◆ Directions for this task ◆
The lines wanted are those in the data below that include "table".

◆ Source material ◆
● ● ●
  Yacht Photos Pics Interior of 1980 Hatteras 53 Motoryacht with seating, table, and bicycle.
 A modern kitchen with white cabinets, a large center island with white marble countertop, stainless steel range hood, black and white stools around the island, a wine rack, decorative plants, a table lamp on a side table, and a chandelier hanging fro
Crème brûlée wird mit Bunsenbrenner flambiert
● ● ●
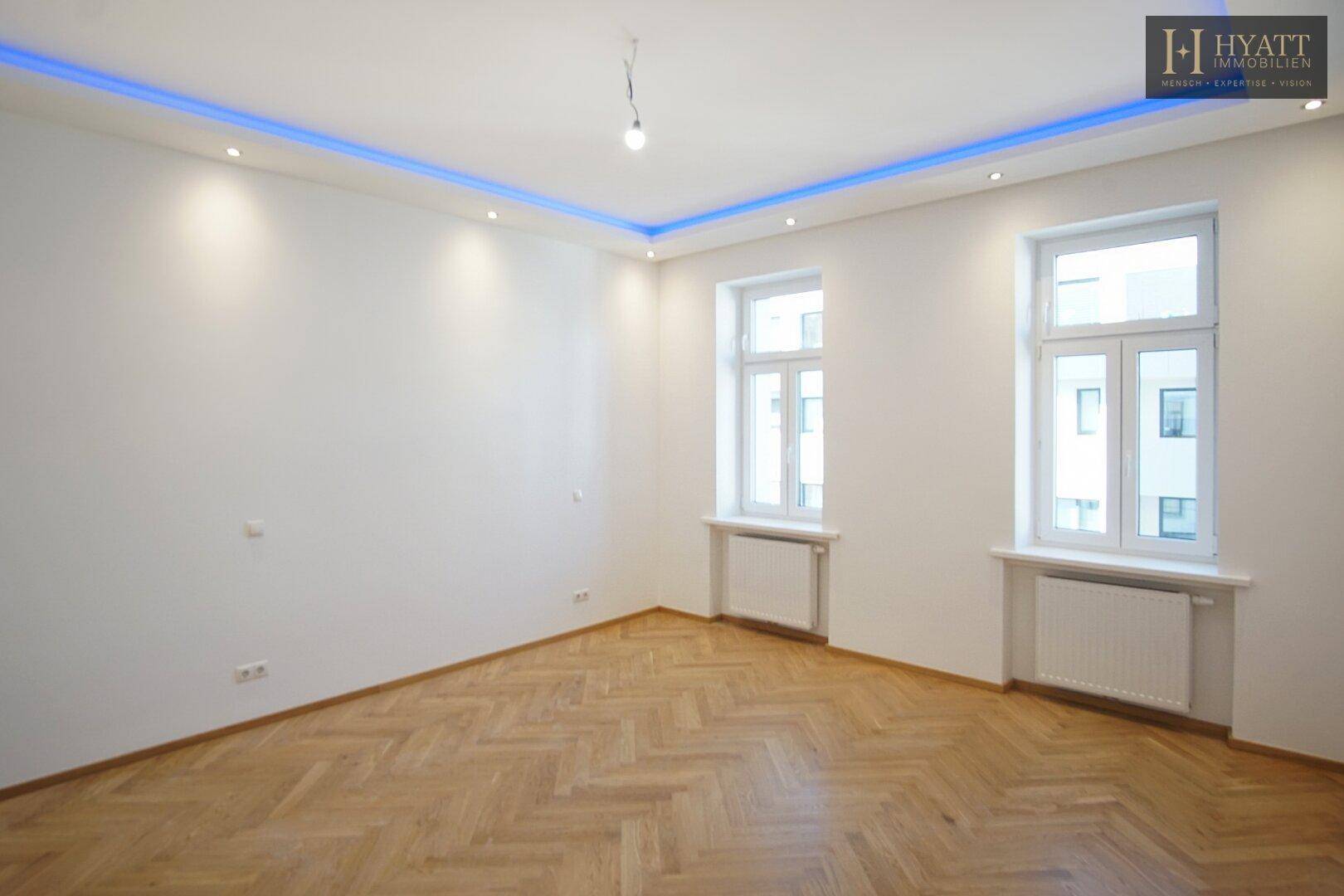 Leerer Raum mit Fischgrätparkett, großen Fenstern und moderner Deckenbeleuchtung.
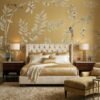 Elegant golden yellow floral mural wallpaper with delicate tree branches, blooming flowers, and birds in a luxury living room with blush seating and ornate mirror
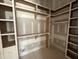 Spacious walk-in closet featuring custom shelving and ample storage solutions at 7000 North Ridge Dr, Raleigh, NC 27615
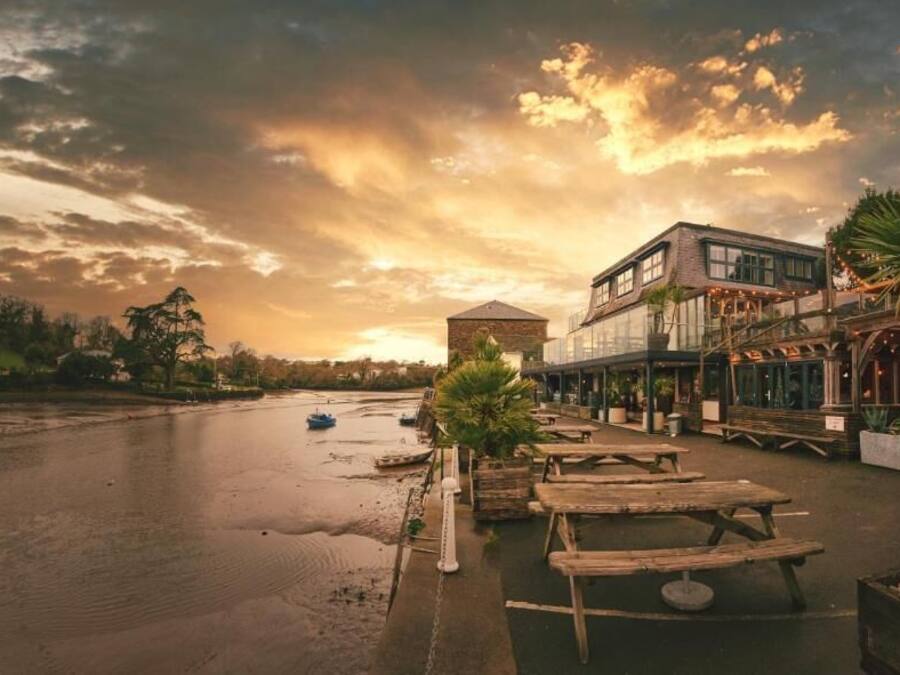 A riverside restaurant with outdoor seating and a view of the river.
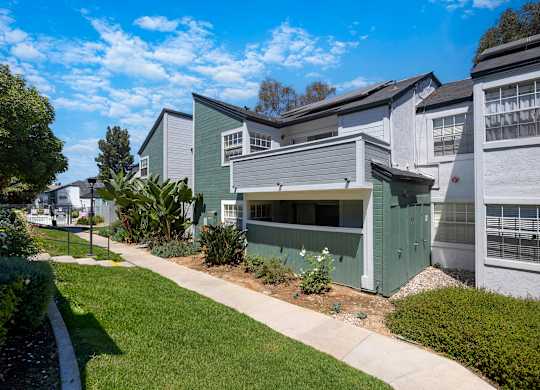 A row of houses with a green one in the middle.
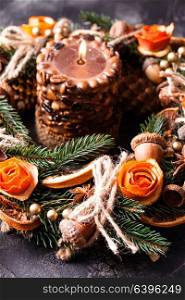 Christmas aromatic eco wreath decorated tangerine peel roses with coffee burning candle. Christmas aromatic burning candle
● ● ●
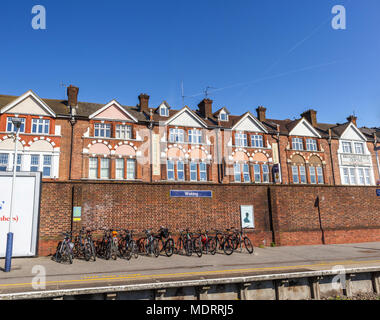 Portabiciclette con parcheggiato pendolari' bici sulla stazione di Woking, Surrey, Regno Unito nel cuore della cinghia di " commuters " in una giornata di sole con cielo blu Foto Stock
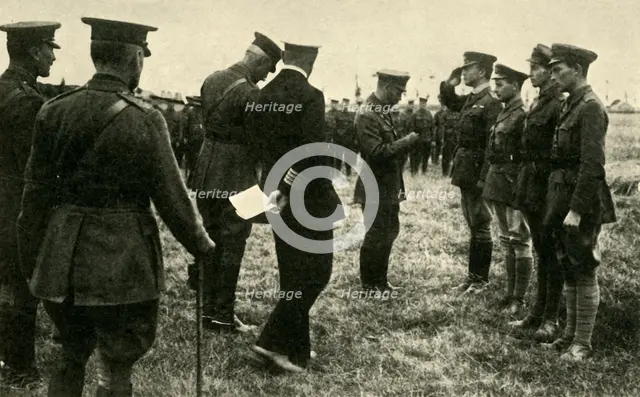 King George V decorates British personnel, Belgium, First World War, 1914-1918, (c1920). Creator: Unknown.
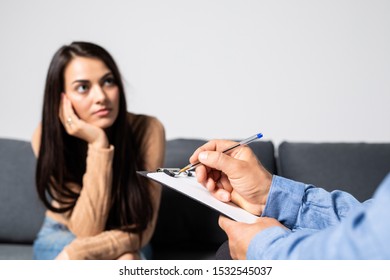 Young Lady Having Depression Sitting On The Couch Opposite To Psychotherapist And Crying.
● ● ●
◆ Result for this exercise ◆
  Yacht Photos Pics Interior of 1980 Hatteras 53 Motoryacht with seating, table, and bicycle.
 A modern kitchen with white cabinets, a large center island with white marble countertop, stainless steel range hood, black and white stools around the island, a wine rack, decorative plants, a table lamp on a side table, and a chandelier hanging fro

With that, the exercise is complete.